The Law Council of Australia has revealed a number of law firms and three large corporates have already signed up to its National Equitable Briefing Policy.
The new policy, which was launched this year, aims to boost the number of briefs to women barristers. It includes interim and long-term targets with the ultimate aim of briefing women in at least 30 per cent of all matters and paying 30 per cent of the value of all brief fees by 2020.
The Law Council unveiled support from a number of law firms including:
- Baker & McKenzie
- Clayton Utz
- Corrs Chambers Westgarth
- DLA Piper
- Henry Davis York
- Herbert Smith Freehills
- King & Wood Mallesons
- Minter Ellison
- Norton Rose Fulbright
Law Council of Australia President-elect, Fiona McLeod SC, said, “The policy is intended to support the progression and retention of women barristers, address the pay gap and the underrepresentation of women in superior courts".

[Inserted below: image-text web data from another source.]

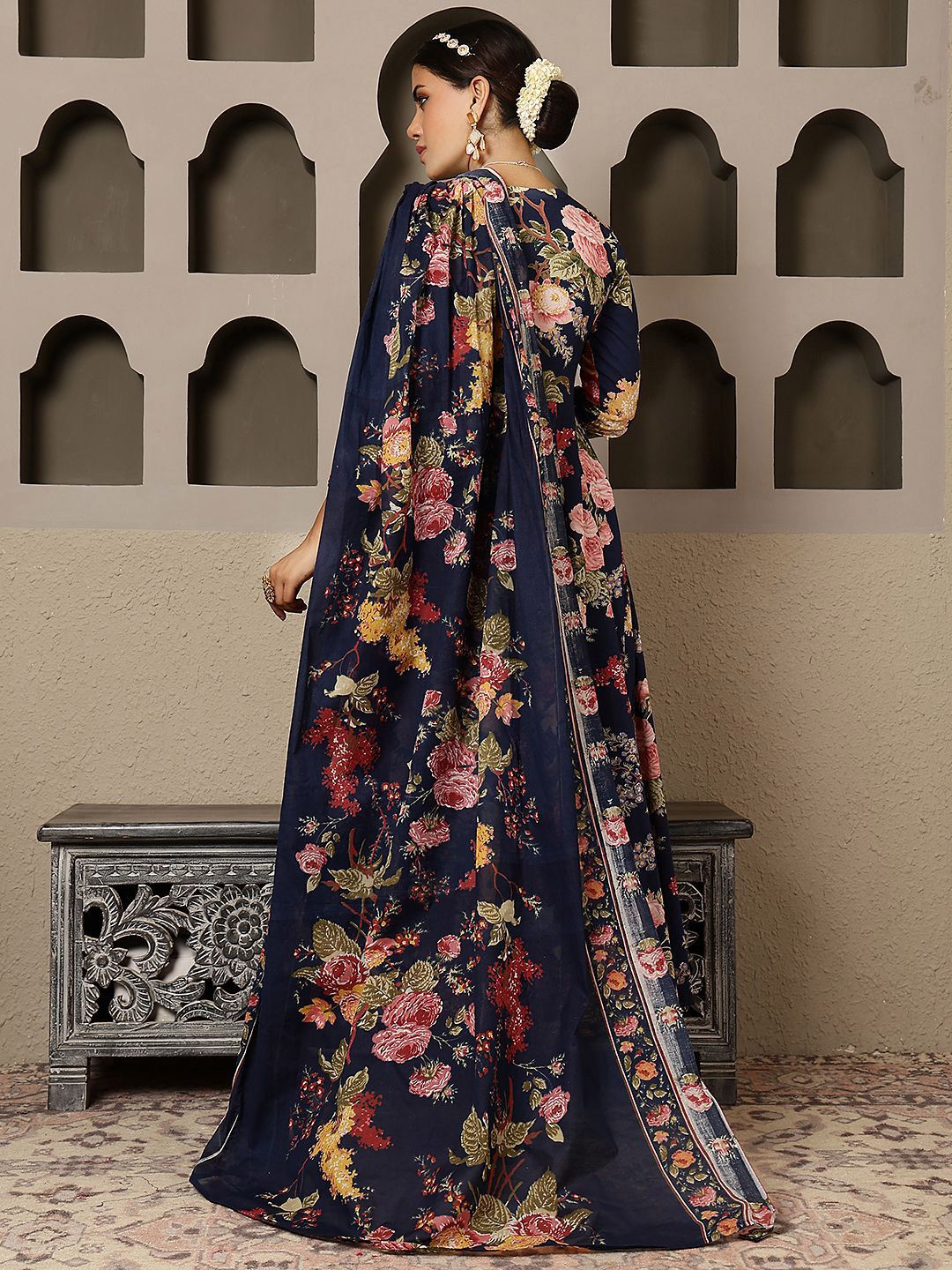 Dhiyona SN Women's Floral Printed Pure Cotton Anarkali Kurta with Palazzo & Dupatta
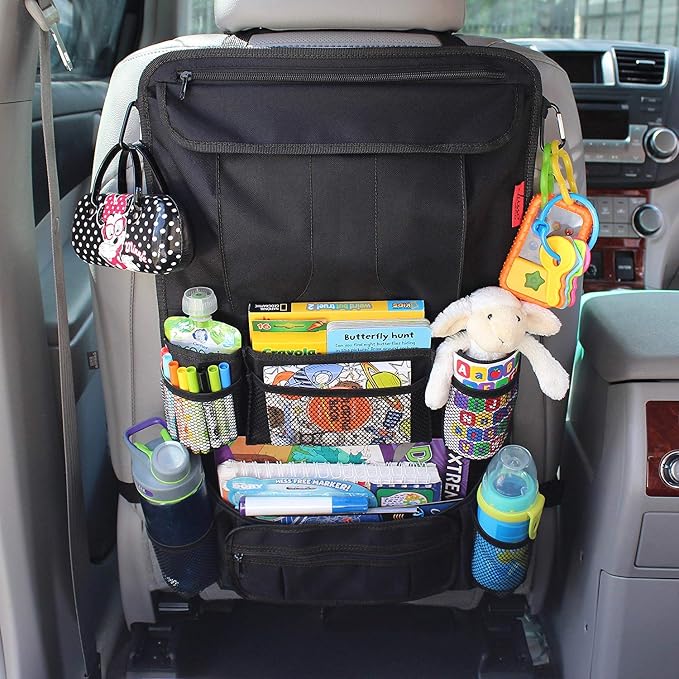 Heavy Duty Back Seat Car Organizer Extra Large for Powerful Protection, Sag Proof & Reinforced Corners, Protects iPad & Backseat, 12 Versatile Car Seat Organizer Storage Compartments, (Tan)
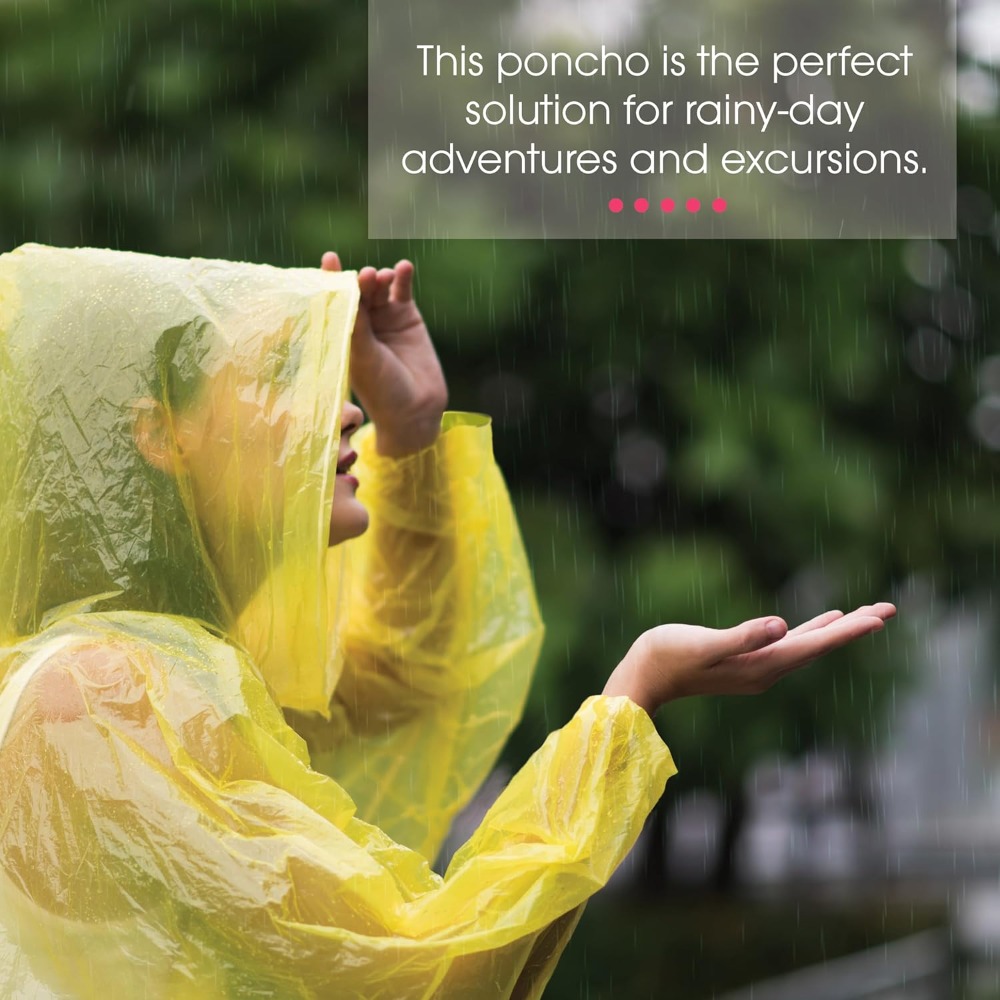 Disposable Yellow Rain Ponchos - Emergency Poncho Rain ulasan dan harga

“The preparedness of the legal profession and the Australian business community to adopt the policy signals a significant cultural shift in our support for equality.
“The Law Council is grateful indeed for the leadership of the profession and these businesses in recognising the importance of diversity measures by signing up to this commitment.
“With this momentum, I am confident the National Equitable Briefing Policy will provide the incentive for long term change within Bars,” Ms McLeod said.
The new signatories join the Australian Bar Association, various Bars and Law Societies of Australia, as well as numerous individual legal practitioners, who have committed to the Policy.
The Law Council will continue to promote the Equitable Briefing Policy and support signatories in their implementation of it across the country through ongoing events and reporting templates.